The mature Aretha was played by Jennifer Hudson, Franklin’s own choice. As we see in the clip as the credits roll, she’s no Aretha, but who is? Hudson is about as close as it gets and deserves any kudos that come her way. The problem lies with Tracey Scott Wilson’s screenplay, which follows Franklin from 1952-72, when she recorded her best-selling record, the gospel album Amazing Grace. Twenty years isn’t a bad sweep for a biopic, but unless you know about Franklin’s life (or read up in advance), you’ll be lost in a welter of important-but-unexplained characters. For instance, at one point in the film a distraught Aretha calls upon her friend Sam.” That would be Sam Cooke (Kelvin Hair), who practically invented soul. Nor will you understand that when Aretha made Amazing Grace, “James” (Tituss Burgess) the minister comforting and accompanying her was James Cleveland, known as the “King of Gospel for reinventing the genre.

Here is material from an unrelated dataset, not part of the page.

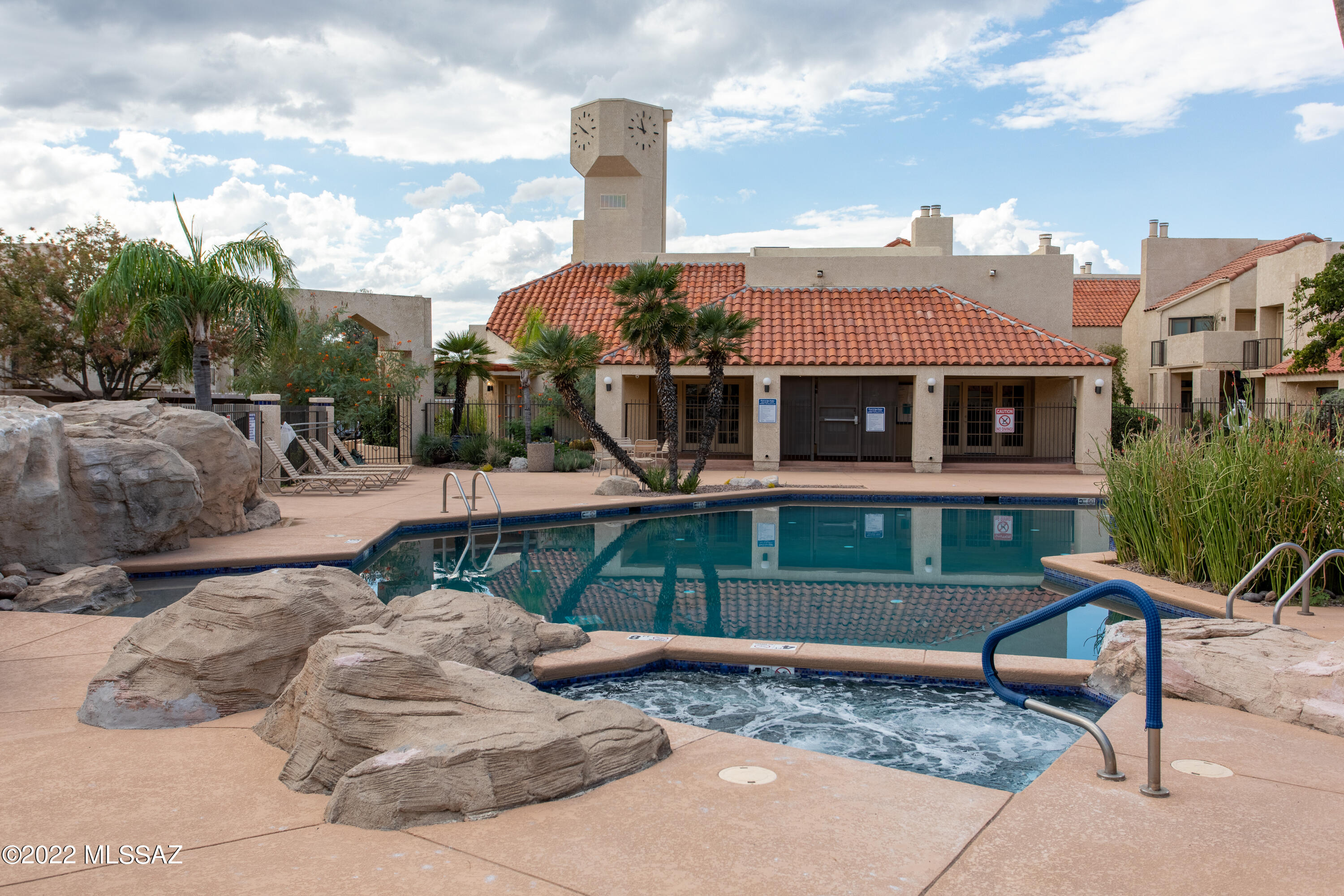 1200 East River Road, Unit L155 Tucson, AZ 85718 - Photo 31 of 32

Respect is an odd film in several ways. There’s a lot about the dynamics between Aretha and her overbearing father, C. L. Franklin (Forest Whitaker), but it would have helped to state what is implied: that the Rev. Franklin was better at preaching than following the gospel. When we see Aretha pregnant at 12—and not by the man implied in the film–she was following C. L.’s footsteps; he impregnated at 12-year-old himself, plus two more before he married Barbara Siggers (Audra McDonald in a cameo), Aretha’s mother. On the positive side, the Rev. Franklin was an early civil rights activist, which is why famous people like the Rev. Martin Luther King Jr. (Gilbert Glenn Brown) hung out at C. L.’s Detroit home.
And so it goes. We get wonderful performances from Hudson, the woefully underrated Whitaker, Marlon Wayans as Franklin’s abusive first husband Ted White, Saycon Sengbloh and Hailey Kilgore as Aretha’s sisters Emma and Carolyn, Mary J. Blige as the tempestuous Dinah Washington who loves Aretha but doesn’t want her stepping on her turf, and Marc Maron as the manic music producer Jerry Wexler who made Franklin into a star.
The last point is crucial. Aside from C. L., Wexler, and White, most of the rest of the people are there because they were in Aretha’s orbit. Alas, they are more like wallpaper than foundations. Director Lisel Tommy too often allows her film to become an African-American version of A Star is Born. Yet, she is uncertain whether she is making a film for the cognoscenti or the newbies. The first, of course, already know Aretha was the Queen of Soul; the second–the bulk of ticket-buyers these days–don’t get enough information to know much more than Aretha switched from a small market gospel singer to a chartbuster when Wexler sent her to Muscle Shoals to record with a bunch of White backcountry good ole boys. (They were far more than that!) Add lots of music–superbly done by Ms. Hudson–and we get a very long film that’s also part musical documentary.
Put another way, Respect is a trifurcated film, part psychological drama, part Star is Born, and part cover album. It’s too bad, because the acting is really topnotch. Forest Whitaker should have gotten a Best Supporting Actor Oscar nod and Hudson should be singing the film’s title song, but Respect will be absent from the Oscars. Mid-pack films don’t generally get a lot of love when it comes to major awards. You can give it some, but educate yourself in advance.